Send back every record exactly.

Crawled caption data
***

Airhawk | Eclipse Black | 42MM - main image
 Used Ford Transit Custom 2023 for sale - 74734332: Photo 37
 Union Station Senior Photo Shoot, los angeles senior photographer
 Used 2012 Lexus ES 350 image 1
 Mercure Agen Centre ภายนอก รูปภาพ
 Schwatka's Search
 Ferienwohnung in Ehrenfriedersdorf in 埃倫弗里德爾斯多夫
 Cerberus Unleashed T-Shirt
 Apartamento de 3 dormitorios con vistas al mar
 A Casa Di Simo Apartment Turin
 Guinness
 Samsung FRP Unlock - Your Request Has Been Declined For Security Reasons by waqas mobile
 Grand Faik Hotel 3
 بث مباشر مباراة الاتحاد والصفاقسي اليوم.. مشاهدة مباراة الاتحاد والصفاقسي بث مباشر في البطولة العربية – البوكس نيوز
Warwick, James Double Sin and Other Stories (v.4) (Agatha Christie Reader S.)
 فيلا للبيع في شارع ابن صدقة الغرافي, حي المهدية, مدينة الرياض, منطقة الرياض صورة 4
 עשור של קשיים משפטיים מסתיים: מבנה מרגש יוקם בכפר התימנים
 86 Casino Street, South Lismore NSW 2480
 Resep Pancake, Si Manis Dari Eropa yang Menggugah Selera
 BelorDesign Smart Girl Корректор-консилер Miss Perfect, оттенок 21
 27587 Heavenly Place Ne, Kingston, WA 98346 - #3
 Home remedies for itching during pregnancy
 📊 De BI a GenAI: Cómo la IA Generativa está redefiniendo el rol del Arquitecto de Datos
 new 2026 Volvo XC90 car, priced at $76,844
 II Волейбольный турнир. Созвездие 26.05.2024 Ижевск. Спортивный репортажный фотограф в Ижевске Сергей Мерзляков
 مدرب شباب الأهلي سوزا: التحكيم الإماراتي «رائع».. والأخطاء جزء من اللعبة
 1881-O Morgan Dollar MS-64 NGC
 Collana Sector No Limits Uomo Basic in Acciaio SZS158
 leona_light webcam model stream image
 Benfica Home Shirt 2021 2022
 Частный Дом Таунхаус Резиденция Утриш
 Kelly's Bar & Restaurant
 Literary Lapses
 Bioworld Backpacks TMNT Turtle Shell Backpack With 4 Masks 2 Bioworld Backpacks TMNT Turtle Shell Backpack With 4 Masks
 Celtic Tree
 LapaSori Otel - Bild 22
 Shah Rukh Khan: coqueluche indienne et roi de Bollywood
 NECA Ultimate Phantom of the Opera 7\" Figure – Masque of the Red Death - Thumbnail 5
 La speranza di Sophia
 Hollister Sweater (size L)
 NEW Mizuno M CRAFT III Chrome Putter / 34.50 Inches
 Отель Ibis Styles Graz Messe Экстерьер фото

***

• [TASK OUTPUT]
Airhawk | Eclipse Black | 42MM - main image
 Used Ford Transit Custom 2023 for sale - 74734332: Photo 37
 Union Station Senior Photo Shoot, los angeles senior photographer
 Used 2012 Lexus ES 350 image 1
 Mercure Agen Centre ภายนอก รูปภาพ
 Schwatka's Search
 Ferienwohnung in Ehrenfriedersdorf in 埃倫弗里德爾斯多夫
 Cerberus Unleashed T-Shirt
 Apartamento de 3 dormitorios con vistas al mar
 A Casa Di Simo Apartment Turin
 Guinness
 Samsung FRP Unlock - Your Request Has Been Declined For Security Reasons by waqas mobile
 Grand Faik Hotel 3
 بث مباشر مباراة الاتحاد والصفاقسي اليوم.. مشاهدة مباراة الاتحاد والصفاقسي بث مباشر في البطولة العربية – البوكس نيوز
Warwick, James Double Sin and Other Stories (v.4) (Agatha Christie Reader S.)
 فيلا للبيع في شارع ابن صدقة الغرافي, حي المهدية, مدينة الرياض, منطقة الرياض صورة 4
 עשור של קשיים משפטיים מסתיים: מבנה מרגש יוקם בכפר התימנים
 86 Casino Street, South Lismore NSW 2480
 Resep Pancake, Si Manis Dari Eropa yang Menggugah Selera
 BelorDesign Smart Girl Корректор-консилер Miss Perfect, оттенок 21
 27587 Heavenly Place Ne, Kingston, WA 98346 - #3
 Home remedies for itching during pregnancy
 📊 De BI a GenAI: Cómo la IA Generativa está redefiniendo el rol del Arquitecto de Datos
 new 2026 Volvo XC90 car, priced at $76,844
 II Волейбольный турнир. Созвездие 26.05.2024 Ижевск. Спортивный репортажный фотограф в Ижевске Сергей Мерзляков
 مدرب شباب الأهلي سوزا: التحكيم الإماراتي «رائع».. والأخطاء جزء من اللعبة
 1881-O Morgan Dollar MS-64 NGC
 Collana Sector No Limits Uomo Basic in Acciaio SZS158
 leona_light webcam model stream image
 Benfica Home Shirt 2021 2022
 Частный Дом Таунхаус Резиденция Утриш
 Kelly's Bar & Restaurant
 Literary Lapses
 Bioworld Backpacks TMNT Turtle Shell Backpack With 4 Masks 2 Bioworld Backpacks TMNT Turtle Shell Backpack With 4 Masks
 Celtic Tree
 LapaSori Otel - Bild 22
 Shah Rukh Khan: coqueluche indienne et roi de Bollywood
 NECA Ultimate Phantom of the Opera 7\" Figure – Masque of the Red Death - Thumbnail 5
 La speranza di Sophia
 Hollister Sweater (size L)
 NEW Mizuno M CRAFT III Chrome Putter / 34.50 Inches
 Отель Ibis Styles Graz Messe Экстерьер фото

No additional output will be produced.